1. Un déploiement progressif des UTeQ

a) Le débat sur la police de proximité

La police communautaire, la police de proximité sont des pratiques de la police qui, sous des formes diverses, ont été mis en oeuvre dans la plupart des pays occidentaux au cours des dernières années. Ces pratiques consistent en un alliage réussi entre la prévention, la répression, la coopération avec les habitants et avec les autres institutions, la connaissance du territoire et la qualité du « service rendu », qui doivent finalement permettre de faire reculer le sentiment d'insécurité. Selon les pays, l'accent sera davantage mis sur tel ou tel aspect : ainsi, aux États-Unis ou au Royaume-Uni, la dimension de participation de la population au travail de la police sera mise en avant, tandis qu'elle reste pour l'essentiel étrangère à la conception française du maintien de l'ordre.

En France, la loi d'orientation et de programmation relative à la sécurité du 21 janvier 1995 a pour la première fois explicitement mentionné la police de proximité. Cependant, celle-ci a été mise en place entre 1997 (année du colloque de Villepinte) et 2002, avec la création de nouvelles structures déconcentrées, commissariats et postes de police, devant permettre de rapprocher la police de la population.

Si cet objectif était en soi pertinent, sa mise en oeuvre était plus discutable. En effet, les nouvelles structures ont souvent fixé les policiers sur des lieux déterminés au détriment de leur présence sur la voie publique , et les horaires d'ouverture des commissariats et postes de police ne permettaient pas d'assurer une présence tardive et nocturne, pourtant indispensable pour contenir la délinquance.

Depuis 2002, les bons résultats obtenus dans la lutte contre la délinquance générale et de proximité coexistent avec une grande difficulté à améliorer sensiblement la sécurité dans les « quartiers difficiles », où les modes opératoires de la police ne semblent pas permettre de traiter les spécificités de la délinquance. Les interventions des forces de police prennent alors essentiellement une forme réactive, passagère, et ces interventions, de par leur caractère ponctuel même, apparaissent de plus en plus arbitraires à la population.

b) Les caractéristiques des UTeQ

Ce constat a justifié l'expérimentation des Unités territoriales de quartier (UTeQ) à partir de 2008 .

Le gouvernement a insisté sur la différence entre ces UTeQ et la police de proximité telle qu'elle a été supprimée en 2002. En effet, les nouvelles UTeQ doivent être imprégnées de la même « culture du résultat » que les autres forces de police, qui a permis d'obtenir de bons résultats en termes de baisse de la délinquance. Elles doivent ainsi exercer un rôle de répression autant que de prévention, arrêter les délinquants et alimenter les procédures judiciaires.
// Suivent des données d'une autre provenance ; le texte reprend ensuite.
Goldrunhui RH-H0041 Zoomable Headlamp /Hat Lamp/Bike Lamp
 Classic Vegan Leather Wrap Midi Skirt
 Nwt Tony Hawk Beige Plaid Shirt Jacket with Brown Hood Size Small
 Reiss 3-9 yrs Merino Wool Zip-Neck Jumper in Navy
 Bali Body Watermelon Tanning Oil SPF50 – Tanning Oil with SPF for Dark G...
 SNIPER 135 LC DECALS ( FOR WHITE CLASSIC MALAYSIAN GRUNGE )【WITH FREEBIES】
Selon les termes officiels, ces unités territoriales de quartiers ont ainsi pour objectifs de « lutter contre la délinquance et les violences urbaines, de rechercher le renseignement opérationnel et de développer le lien de confiance entre la police et la population » pour « aller au devant des faits ou des événements et y donner des réponses immédiates », seules ou avec des renforts adaptés et immédiatement disponibles, de manière privilégiée des compagnies de sécurisation (voir ci-dessous). Elles devront ainsi lutter contre les faits de délinquance, de violence et les trafics, en identifiant les délinquants ou les fauteurs de troubles et en procédant à leur interpellation.

Ces unités se voient assigner des objectifs à partir, notamment, de l'analyse des données fournies par l'état 4001 des crimes et délits et de la main courante informatisée, ou de données qualitatives venant, par exemple, des partenaires, des élus ou des associations présents sur le site. Les UTeQ doivent progressivement développer la connaissance des quartiers et de leur population et y créer des liens de confiance .

Le « renseignement opérationnel » sur lequel insiste le ministère, consiste notamment dans l'identification des délinquants, des fauteurs de troubles, et des trafiquants, et sera utilisé par les services chargés des enquêtes judiciaires - les brigades de sûreté urbaine ou départementale, les services de la police judiciaire, les groupes d'intervention régionale ou les services départementaux d'information générale.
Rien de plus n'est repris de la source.